## TASK DETAILS
Write out, word for word and with no pictures, each line below from the one containing "Модные винтажные ретро-солнцезащитные" through the one containing "Chairs, Bottled Water Dispenser, Table", both included, and no other line.

## SUPPLIED MATERIAL
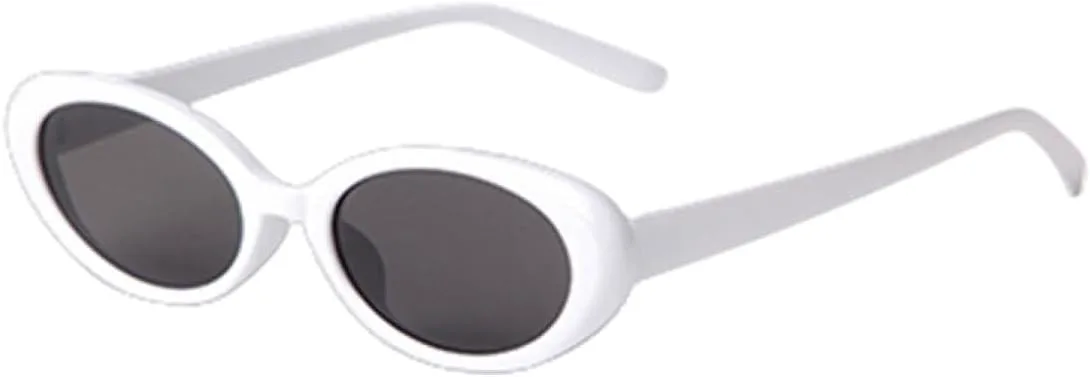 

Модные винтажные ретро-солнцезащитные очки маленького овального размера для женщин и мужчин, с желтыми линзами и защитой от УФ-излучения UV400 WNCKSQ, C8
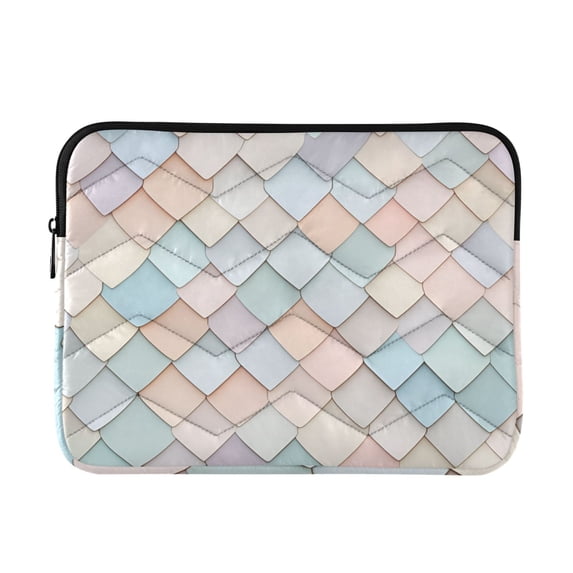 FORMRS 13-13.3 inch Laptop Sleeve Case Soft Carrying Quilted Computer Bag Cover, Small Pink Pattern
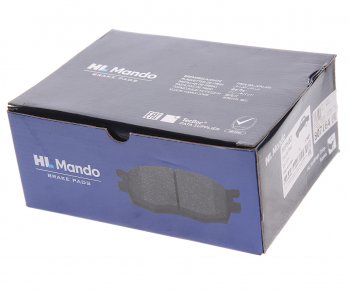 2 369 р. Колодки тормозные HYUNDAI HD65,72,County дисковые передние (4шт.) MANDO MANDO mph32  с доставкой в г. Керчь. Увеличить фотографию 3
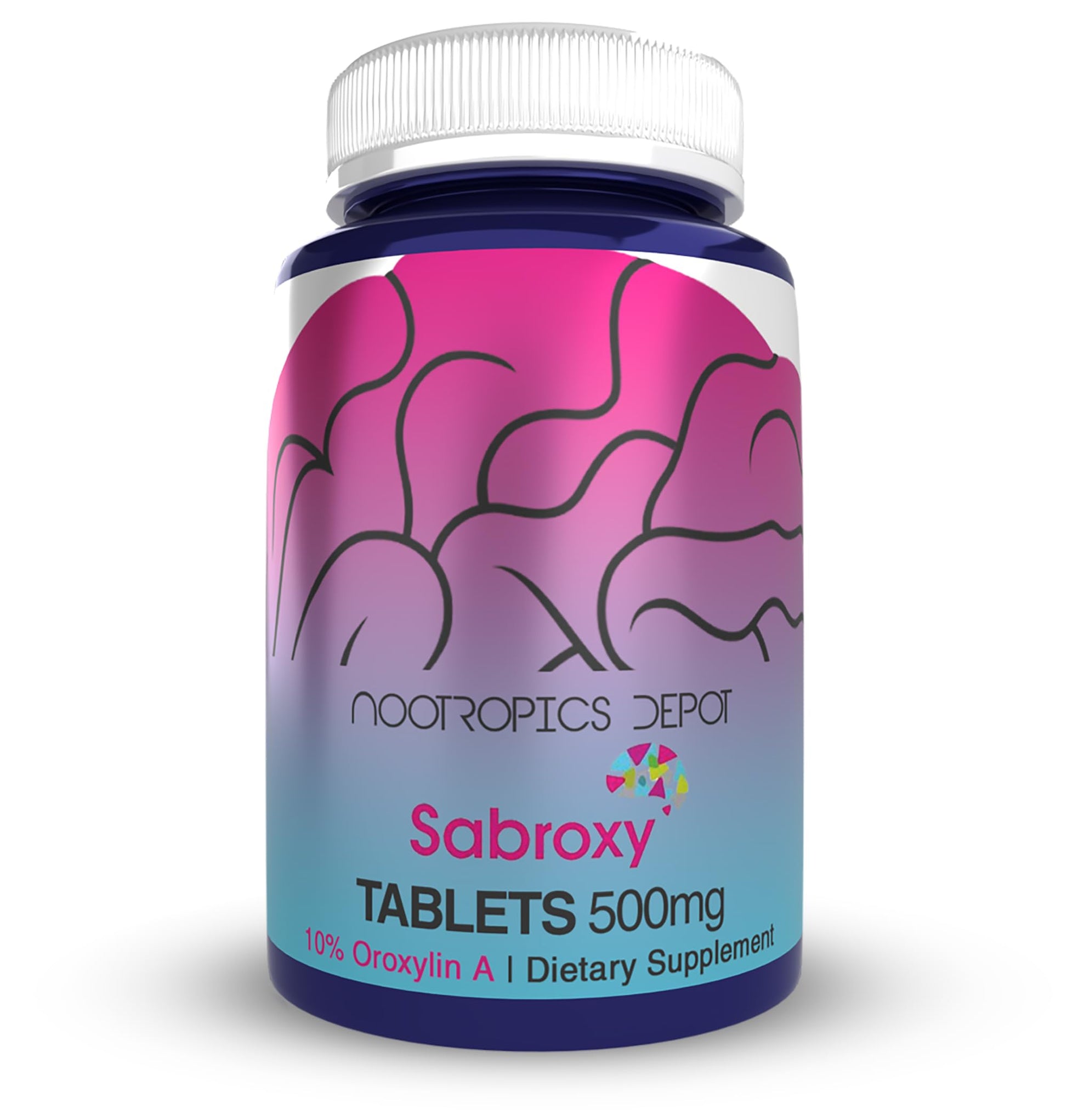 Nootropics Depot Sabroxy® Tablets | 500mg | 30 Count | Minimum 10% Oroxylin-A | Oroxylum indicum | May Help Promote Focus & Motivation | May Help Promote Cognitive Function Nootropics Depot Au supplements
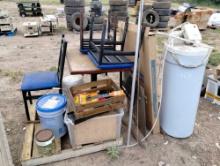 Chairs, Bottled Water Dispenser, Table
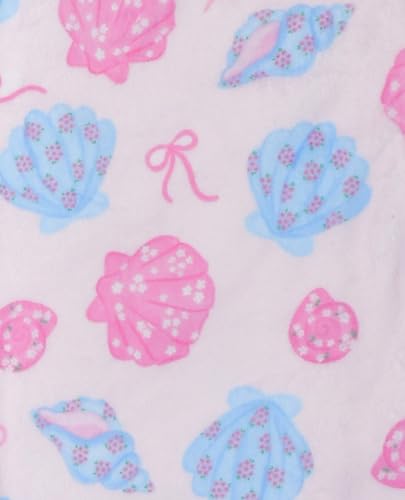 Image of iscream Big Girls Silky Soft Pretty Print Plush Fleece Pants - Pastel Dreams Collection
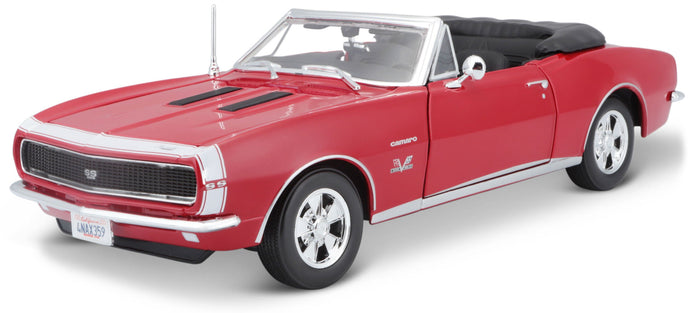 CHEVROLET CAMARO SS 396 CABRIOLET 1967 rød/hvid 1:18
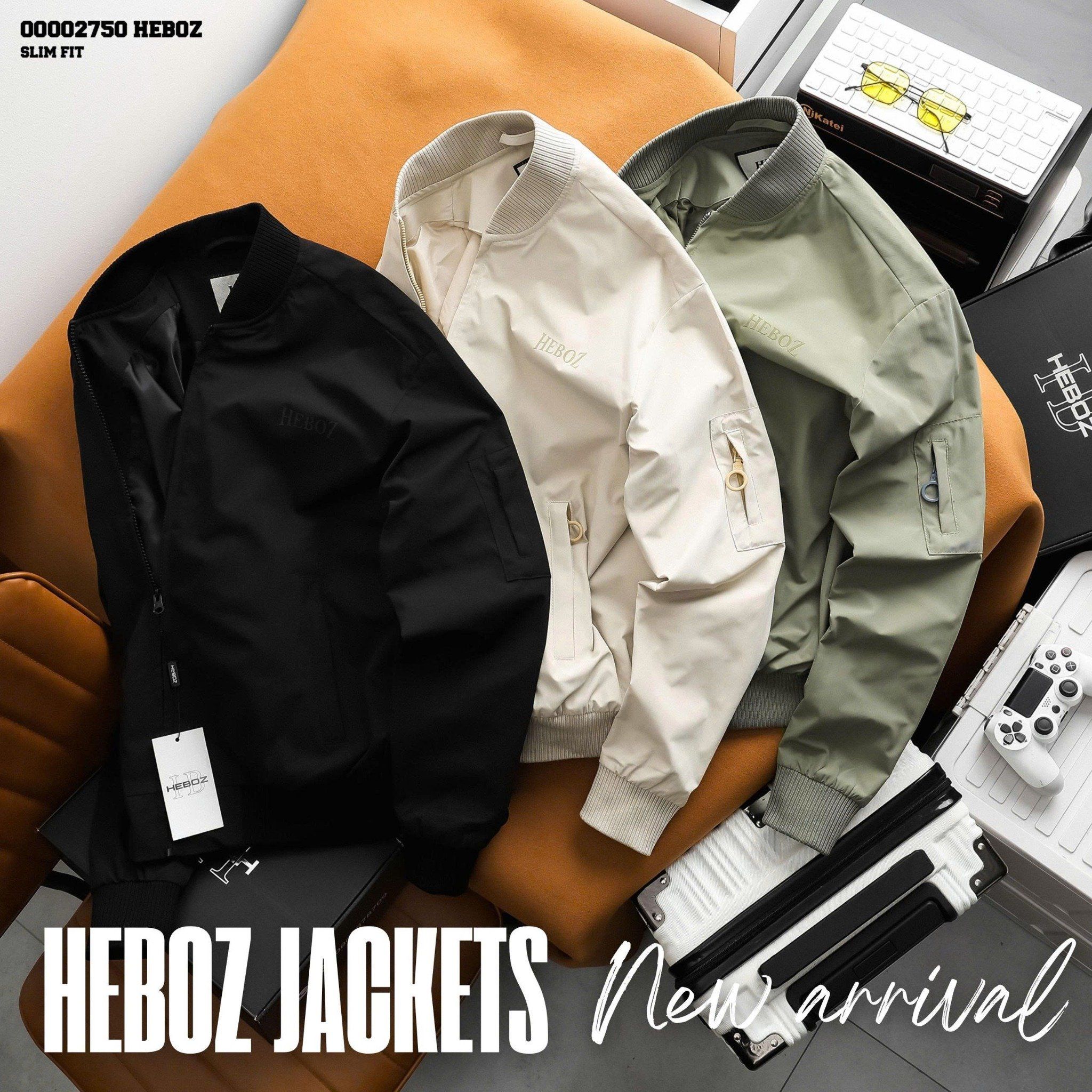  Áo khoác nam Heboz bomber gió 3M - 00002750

...

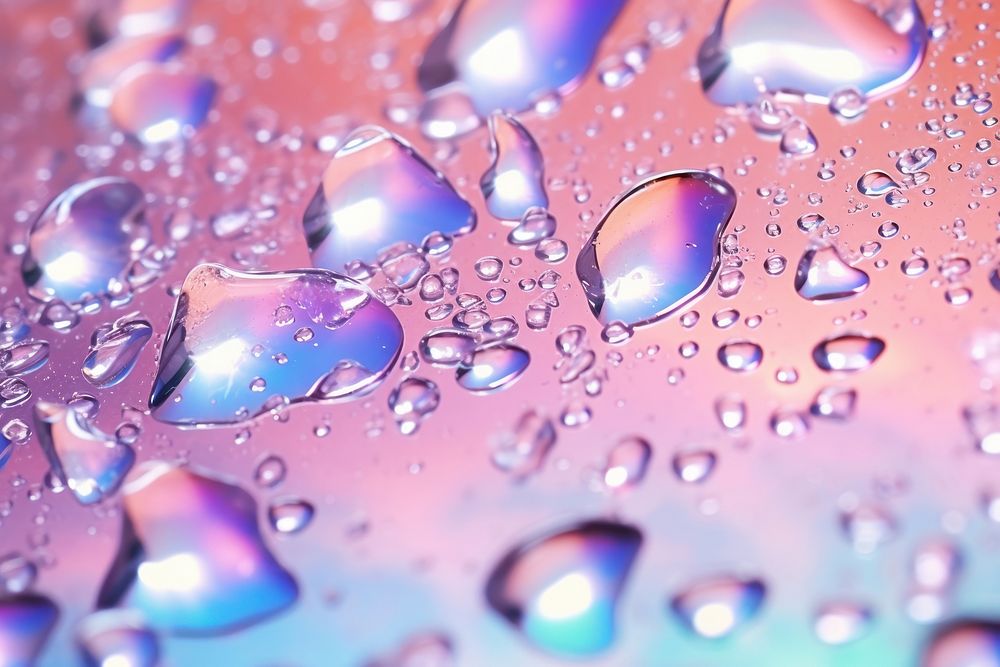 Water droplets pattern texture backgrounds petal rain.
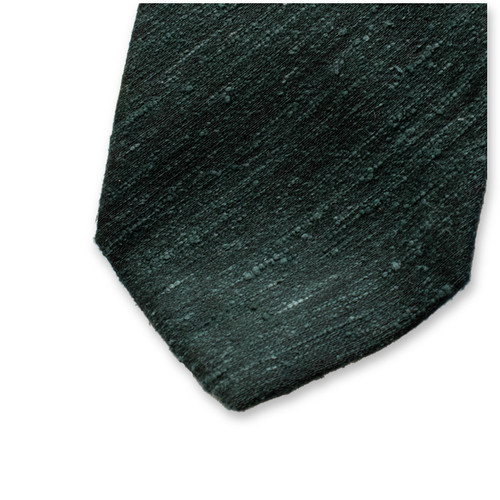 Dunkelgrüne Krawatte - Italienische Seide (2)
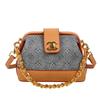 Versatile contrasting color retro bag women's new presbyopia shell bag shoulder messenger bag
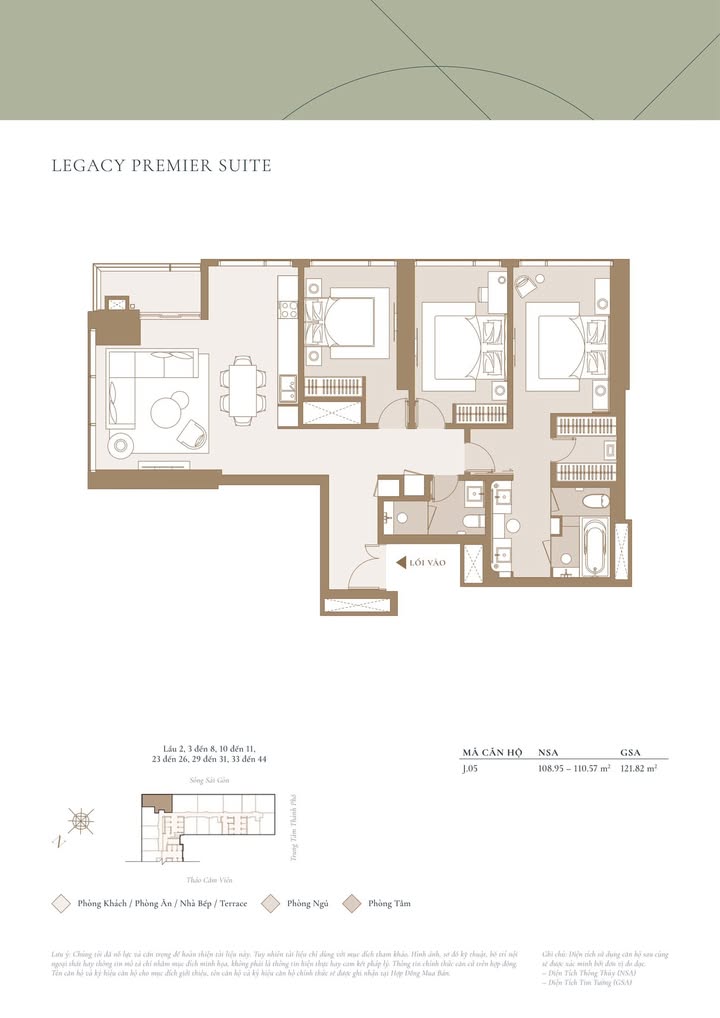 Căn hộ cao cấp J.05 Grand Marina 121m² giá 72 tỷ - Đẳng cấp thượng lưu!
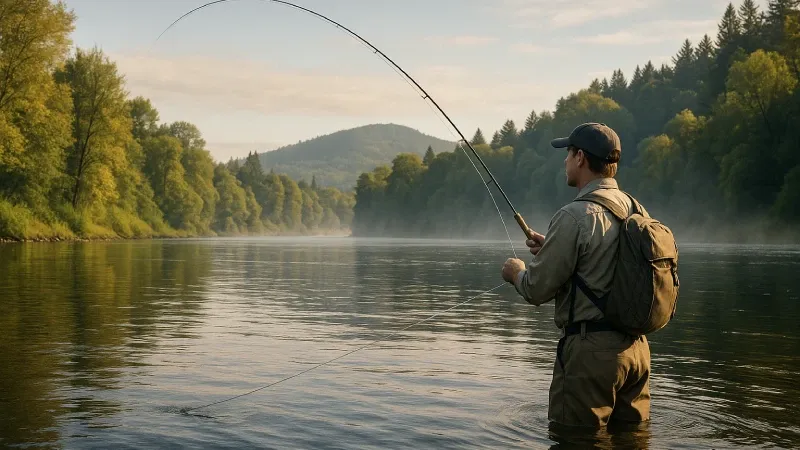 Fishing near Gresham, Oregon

## ANSWER SECTION
Модные винтажные ретро-солнцезащитные очки маленького овального размера для женщин и мужчин, с желтыми линзами и защитой от УФ-излучения UV400 WNCKSQ, C8
 FORMRS 13-13.3 inch Laptop Sleeve Case Soft Carrying Quilted Computer Bag Cover, Small Pink Pattern
 2 369 р. Колодки тормозные HYUNDAI HD65,72,County дисковые передние (4шт.) MANDO MANDO mph32  с доставкой в г. Керчь. Увеличить фотографию 3
 Nootropics Depot Sabroxy® Tablets | 500mg | 30 Count | Minimum 10% Oroxylin-A | Oroxylum indicum | May Help Promote Focus & Motivation | May Help Promote Cognitive Function Nootropics Depot Au supplements
 Chairs, Bottled Water Dispenser, Table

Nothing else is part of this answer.